A religião é uma forma de conservar a identidade, principalmente num
contexto de opressão como fora a época escravagista brasileira. Esta
conservação de identidade ao imiscuir-se com as religiões européias sofreu
uma transformação parcial, incorporando alguns elementos de outras religiões,
o que deu origem às religiões afro-brasileiras, como a Umbanda e o Candomblé.
Dessa forma, estas fazem parte da cultura brasileira, assim como inúmeras
outras religiões das mais variadas origens, pois em essência somos um povo
profundamente miscigenado e eclético.
O Brasil é um país laico, ou seja, o Estado não interfere na escolha do
particular acerca da religião, não podendo criar nenhum tipo de favorecimento
ou de discriminação com relação a nenhuma escolha no âmbito de
manifestação de religião ou ausência de religião.

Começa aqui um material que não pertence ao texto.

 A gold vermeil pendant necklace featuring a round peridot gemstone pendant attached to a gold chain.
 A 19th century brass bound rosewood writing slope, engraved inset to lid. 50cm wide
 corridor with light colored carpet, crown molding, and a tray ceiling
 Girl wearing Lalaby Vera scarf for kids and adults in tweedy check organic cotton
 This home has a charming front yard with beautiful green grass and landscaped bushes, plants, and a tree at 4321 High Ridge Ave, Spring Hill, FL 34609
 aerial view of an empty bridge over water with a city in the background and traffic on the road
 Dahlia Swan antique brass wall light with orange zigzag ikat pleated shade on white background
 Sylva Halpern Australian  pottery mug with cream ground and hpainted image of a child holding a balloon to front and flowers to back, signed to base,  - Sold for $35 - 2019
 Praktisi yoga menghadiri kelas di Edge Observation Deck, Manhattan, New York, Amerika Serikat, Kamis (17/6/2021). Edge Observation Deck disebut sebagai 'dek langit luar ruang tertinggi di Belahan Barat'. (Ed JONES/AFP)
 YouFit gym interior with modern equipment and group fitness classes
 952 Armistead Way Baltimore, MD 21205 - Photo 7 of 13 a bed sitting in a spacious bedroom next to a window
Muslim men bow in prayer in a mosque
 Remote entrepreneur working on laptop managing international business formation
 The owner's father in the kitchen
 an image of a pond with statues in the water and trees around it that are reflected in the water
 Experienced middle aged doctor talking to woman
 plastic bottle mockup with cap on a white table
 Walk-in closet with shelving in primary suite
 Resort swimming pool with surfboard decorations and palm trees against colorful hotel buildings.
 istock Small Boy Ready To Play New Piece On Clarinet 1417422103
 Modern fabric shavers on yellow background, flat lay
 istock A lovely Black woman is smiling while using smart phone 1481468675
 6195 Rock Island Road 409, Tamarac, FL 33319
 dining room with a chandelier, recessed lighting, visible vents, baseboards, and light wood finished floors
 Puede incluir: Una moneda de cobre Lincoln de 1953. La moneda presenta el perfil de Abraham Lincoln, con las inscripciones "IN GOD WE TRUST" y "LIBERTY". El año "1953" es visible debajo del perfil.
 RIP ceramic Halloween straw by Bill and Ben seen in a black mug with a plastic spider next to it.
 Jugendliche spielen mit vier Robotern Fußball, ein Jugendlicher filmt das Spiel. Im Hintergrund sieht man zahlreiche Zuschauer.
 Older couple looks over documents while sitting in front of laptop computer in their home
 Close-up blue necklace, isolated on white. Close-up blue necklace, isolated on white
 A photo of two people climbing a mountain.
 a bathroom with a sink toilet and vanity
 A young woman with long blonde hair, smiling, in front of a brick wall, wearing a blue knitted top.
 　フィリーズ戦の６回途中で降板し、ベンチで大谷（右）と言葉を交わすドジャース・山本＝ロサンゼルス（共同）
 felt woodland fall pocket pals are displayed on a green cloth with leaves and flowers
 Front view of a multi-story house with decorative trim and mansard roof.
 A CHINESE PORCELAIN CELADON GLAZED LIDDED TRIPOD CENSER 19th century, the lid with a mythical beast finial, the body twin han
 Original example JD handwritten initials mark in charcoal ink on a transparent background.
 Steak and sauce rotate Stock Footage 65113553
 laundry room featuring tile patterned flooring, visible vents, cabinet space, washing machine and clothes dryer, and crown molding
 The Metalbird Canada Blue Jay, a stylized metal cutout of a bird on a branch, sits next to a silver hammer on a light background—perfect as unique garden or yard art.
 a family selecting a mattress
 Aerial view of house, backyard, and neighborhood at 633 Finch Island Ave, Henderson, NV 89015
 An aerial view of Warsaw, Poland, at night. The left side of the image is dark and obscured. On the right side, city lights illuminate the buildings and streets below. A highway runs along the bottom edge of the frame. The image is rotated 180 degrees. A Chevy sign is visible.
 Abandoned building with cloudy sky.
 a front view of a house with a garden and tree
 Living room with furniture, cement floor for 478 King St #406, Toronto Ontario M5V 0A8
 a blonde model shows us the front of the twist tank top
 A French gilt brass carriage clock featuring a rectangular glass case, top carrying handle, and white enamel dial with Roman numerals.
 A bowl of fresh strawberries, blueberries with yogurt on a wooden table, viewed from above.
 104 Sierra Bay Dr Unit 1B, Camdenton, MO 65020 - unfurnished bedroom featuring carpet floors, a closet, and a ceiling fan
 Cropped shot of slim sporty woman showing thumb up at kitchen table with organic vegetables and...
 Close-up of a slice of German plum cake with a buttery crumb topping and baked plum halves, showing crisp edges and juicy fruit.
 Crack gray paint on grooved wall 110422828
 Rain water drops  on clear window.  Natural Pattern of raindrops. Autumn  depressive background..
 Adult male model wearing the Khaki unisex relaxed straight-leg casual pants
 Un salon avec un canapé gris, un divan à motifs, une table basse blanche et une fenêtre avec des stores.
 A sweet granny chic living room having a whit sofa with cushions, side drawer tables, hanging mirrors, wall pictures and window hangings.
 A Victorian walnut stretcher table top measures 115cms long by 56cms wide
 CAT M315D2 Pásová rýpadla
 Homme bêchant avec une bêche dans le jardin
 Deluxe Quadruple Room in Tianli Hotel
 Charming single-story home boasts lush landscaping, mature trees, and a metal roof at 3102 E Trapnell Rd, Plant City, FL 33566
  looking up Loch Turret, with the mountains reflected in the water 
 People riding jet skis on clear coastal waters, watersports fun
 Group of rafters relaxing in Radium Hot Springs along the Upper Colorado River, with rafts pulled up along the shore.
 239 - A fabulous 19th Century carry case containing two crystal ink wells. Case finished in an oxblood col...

O Art. 5º, VI da
Constituição de 1988 é cristalino:
Art. 5º. Todos são iguais perante a lei, sem distinção de qualquer
natureza, garantindo-se aos brasileiros e aos estrangeiros residentes no País a
inviolabilidade do direito à vida, à liberdade, à igualdade, à segurança e
à propriedade, nos termos seguintes:
(...)
VI - é inviolável a liberdade de consciência e de crença, sendo
assegurado o livre exercício dos cultos religiosos e garantida, na forma da
lei, a proteção aos locais de culto e a suas liturgias; (grifo nosso)
No âmbito jurídico, parece-nos a definição de SILVA sobre liberdade de
crença a melhor porque estende o dispositivo constitucional de forma a abarcar
também os ateus e os agnósticos, além de definir o papel do Estado diante
deste direito fundamental, conservando a sua aplicabilidade máxima, segue-a:
Na liberdade de crença entra a liberdade de escolha da religião, a
liberdade de aderir a qualquer seita religiosa, a liberdade (ou o direito) de
mudar de religião, mas também compreende a liberdade de não aderir à
religião alguma, assim como a liberdade de descrença, a liberdade de ser ateu
e de exprimir o agnosticismo. Mas não compreende a liberdade de embaraçar o
livre exercício de qualquer religião, de qualquer crença, pois aqui também a
liberdade de alguém vai até onde não prejudique a liberdade dos outros.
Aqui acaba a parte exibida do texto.